### WHAT THIS TASK INVOLVES
Set down, word for word, each line from the top of the data through the line that has "银屑病能结婚和生育吗 银屑病患者能结婚生子吗?"; omit every picture.

### RECORDS FOR THIS TASK
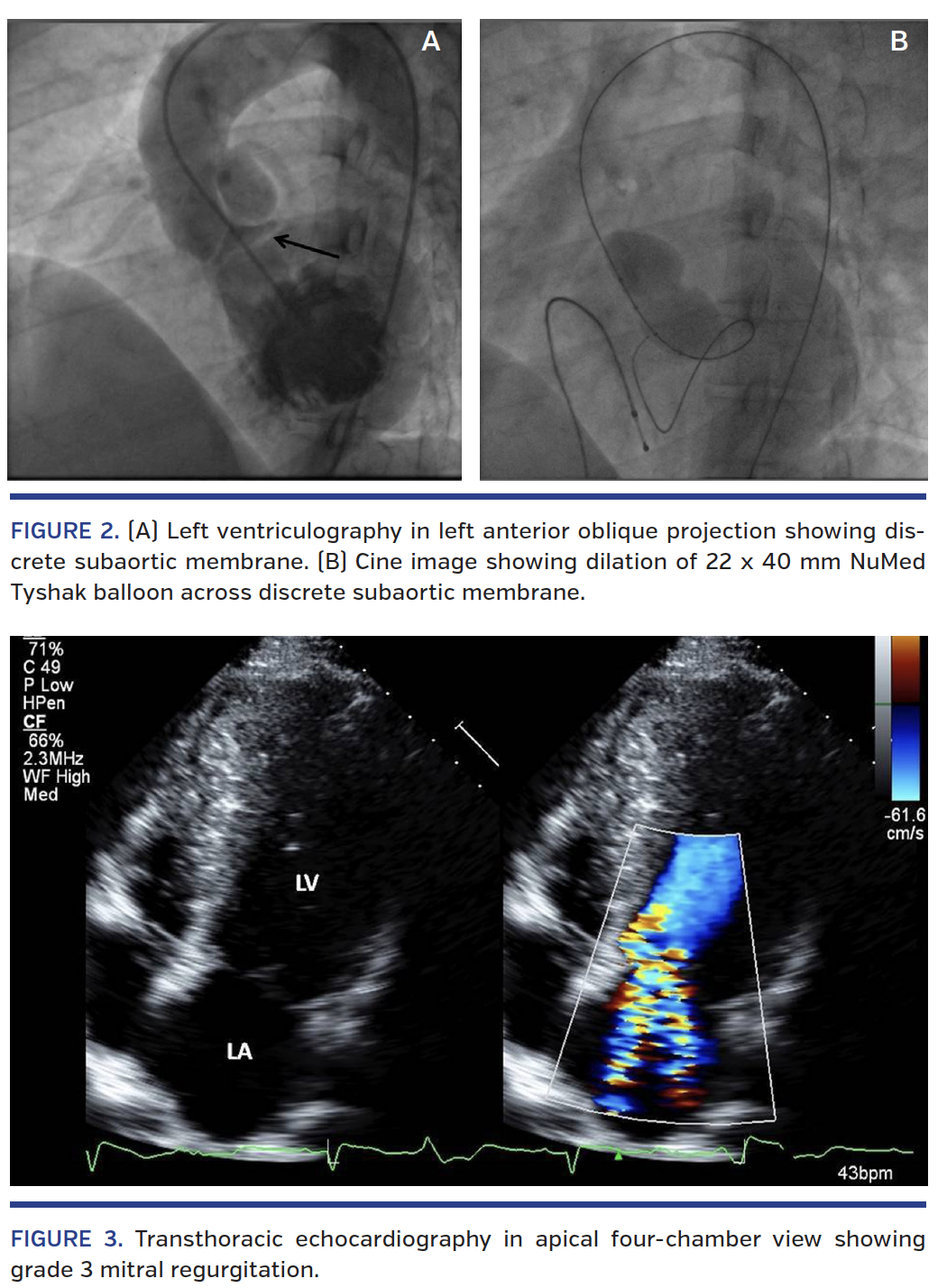  Left ventricular angiography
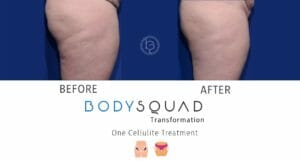 RESONIC for cellulite reduction on the booty and thighs at BodySquad Boca Raton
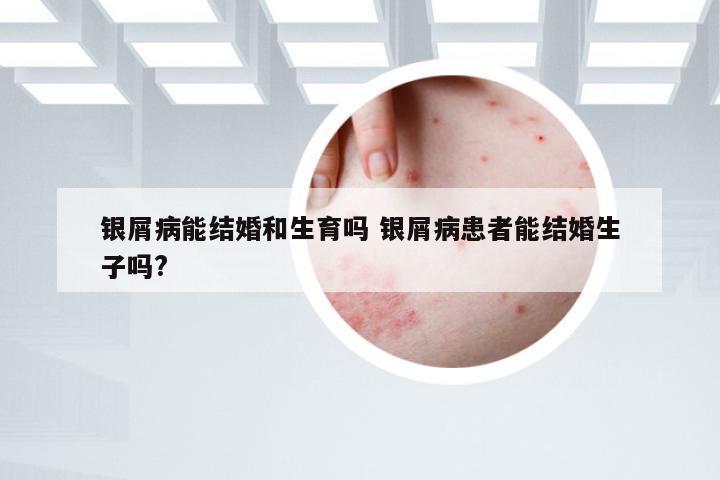 银屑病能结婚和生育吗 银屑病患者能结婚生子吗?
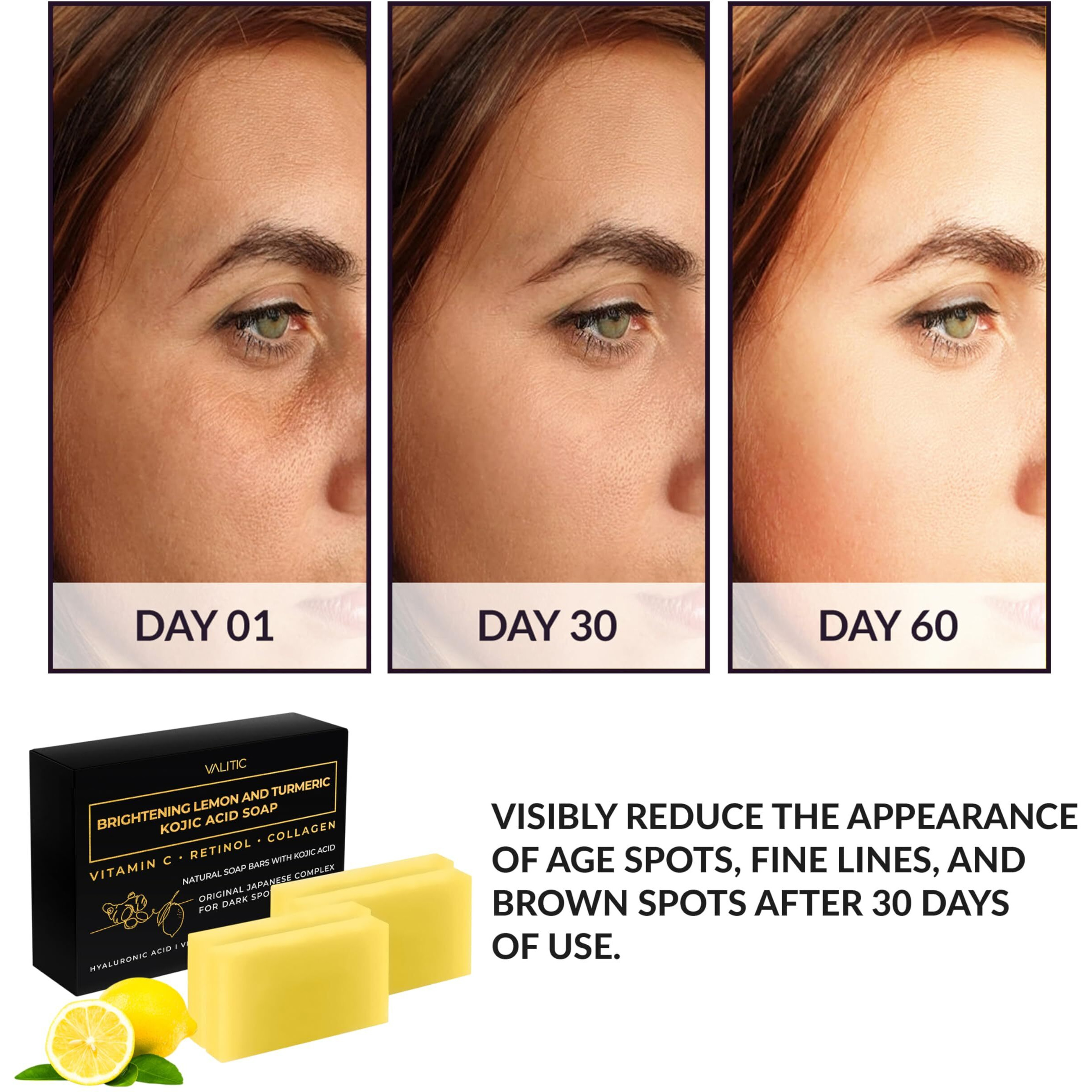 Valitic Brightening Lemon & Turmeric Kojic Acid Soap With Vitamin C  Retinol  Collagen - Original Japanese Complex Infused With Hyaluronic Acid  Vitamin E  Shea Butter  Castile Olive Oil (4 Pack)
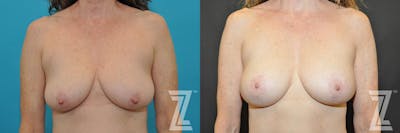 Austin Breast Augmentation With a Breast Lift Before & After Gallery - Patient 132791131 - Image 1 - The Piazza Center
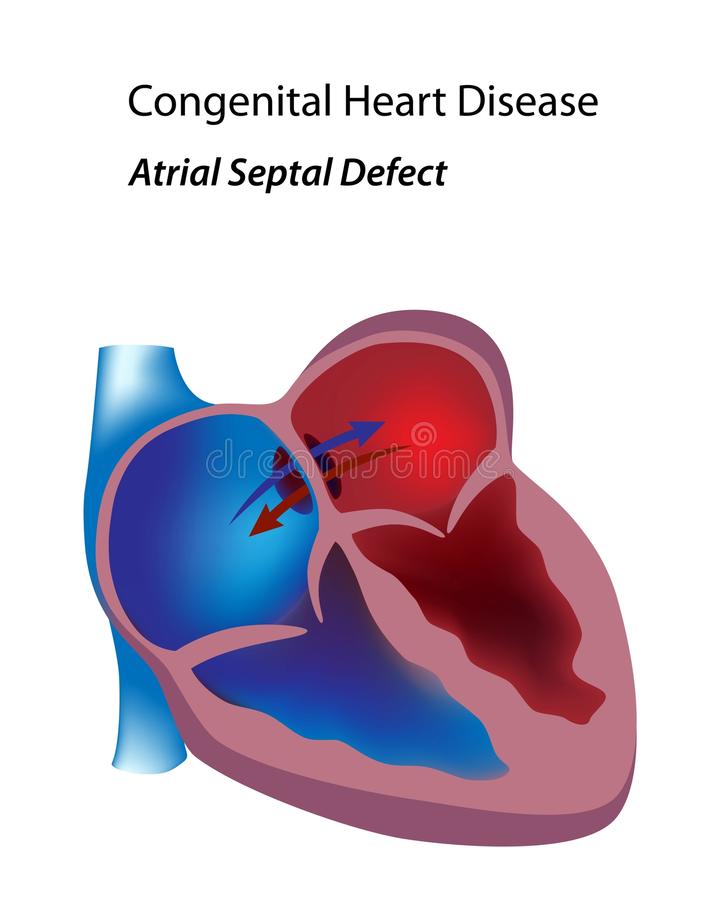 What Is Atrial Septal Defect;History,Diagnosis And Treatment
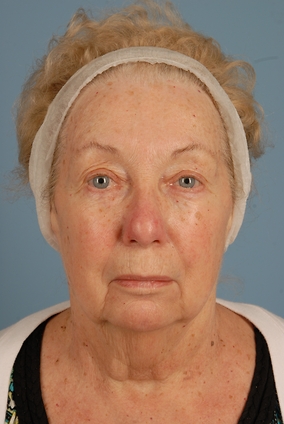 Blepharoplasty Before & After Image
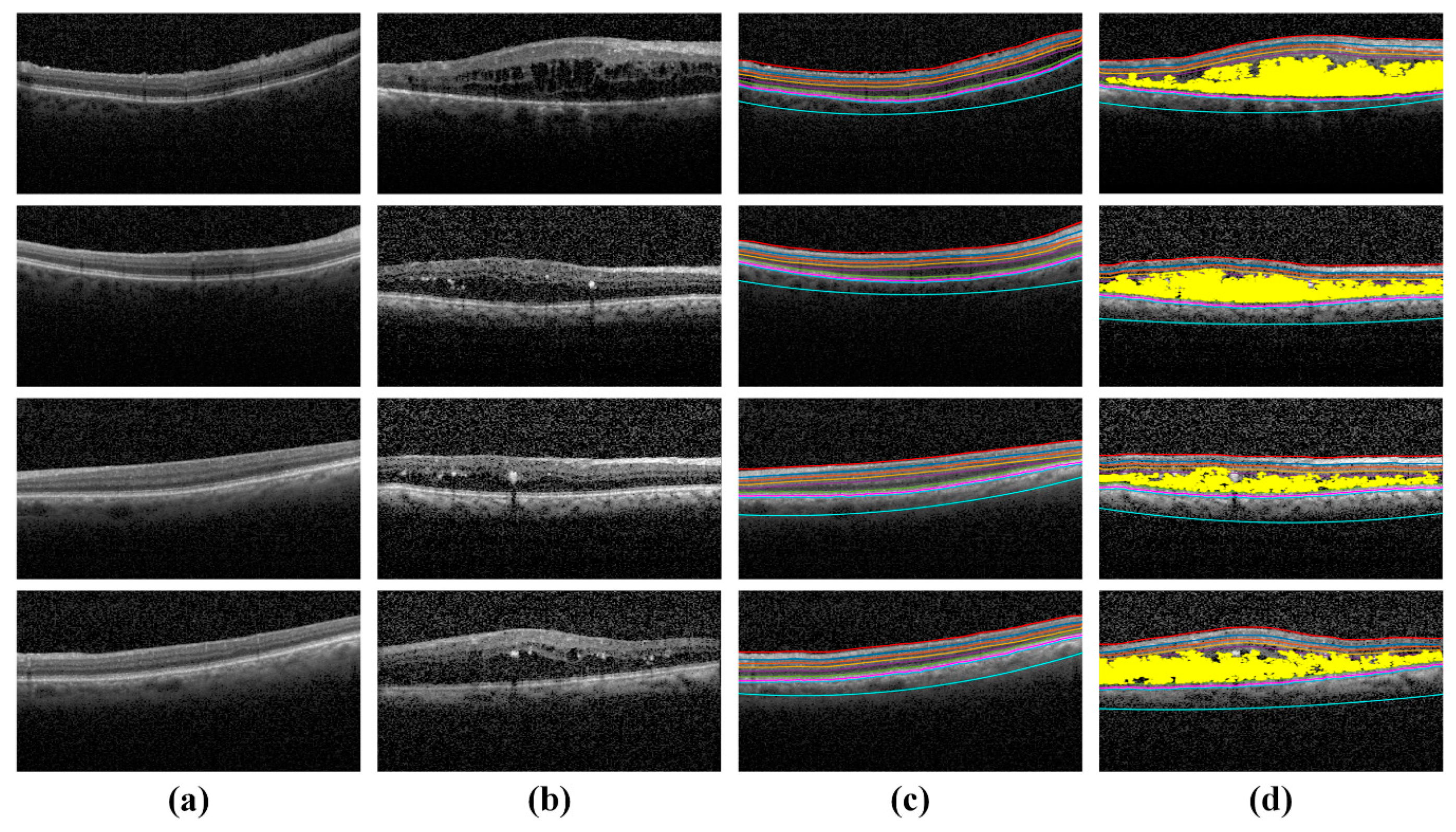 Sensors 19 02970 g013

### WRITTEN ANSWER
  Left ventricular angiography
 RESONIC for cellulite reduction on the booty and thighs at BodySquad Boca Raton
 银屑病能结婚和生育吗 银屑病患者能结婚生子吗?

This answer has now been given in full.